Why Urban Christians Need Wendell Berry

What could the agrarian essayist who still uses a typewriter teach Christians in city centers? You'd be surprised.

Berry has changed the way I see my home. The landscape became more beautiful. Now I can drive 15 minutes down Highway 77 toward Crete, passing farms and what's left of the prairie, and the scene shoots straight through me. I can go on walks and feel the gusting winds off the Great Plains and welcome them with "unconsecrated relish," to borrow a phrase from Berry. The gospel of Christ alone changes hearts, but God works through many means in his creation. And one of the mightiest means through which he's done deep soul work in my life is through Berry.

Moreover, that love becomes contagious. Recently my wife and I, along with our pastor and his wife, hosted a local foods dinner with a few people from church. Each of us prepared a dish using locally sourced ingredients and, before we ate, told the rest of the group about what we had brought, where we got the ingredients, and how we made it. The night that followed was divine as a small group of people circled around one of God's most basic gifts and gave ourselves utterly to enjoying it. We're now talking with other church members about making these dinners a regular occurrence. And all of this goes back to a fictional town of a hundred-odd people somewhere in Kentucky.

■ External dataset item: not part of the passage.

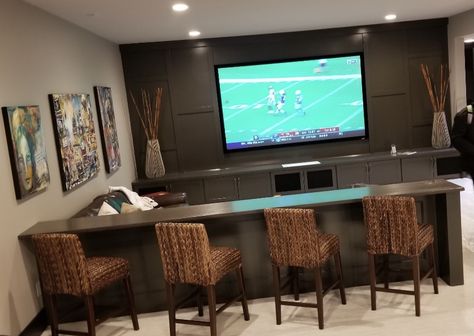 Open Finished Basement, Extra Room In Basement Ideas, Basement For Hosting, Multi Purpose Basement, Basement Room Divider, Hockey Basement, Ikea Basement, Theatre Room Seating, Family Cave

What can Port William have to do with Portland? It depends on your meaning. If you're looking for practical discussions about best strategies for urban planning, not so much. But if you're talking about the most basic and visceral of Christian needs, then the answer is a great deal. The movement among evangelicals to revitalize urban areas with the Gospel will be successful to the extent that evangelicals themselves are enchanted by the God of that gospel and the world he has given us to both steward and enjoy. And for learning to become enchanted, I haven't found a more helpful teacher than Wendell Berry.

Jake Meador blogs at Notes From a Small Place.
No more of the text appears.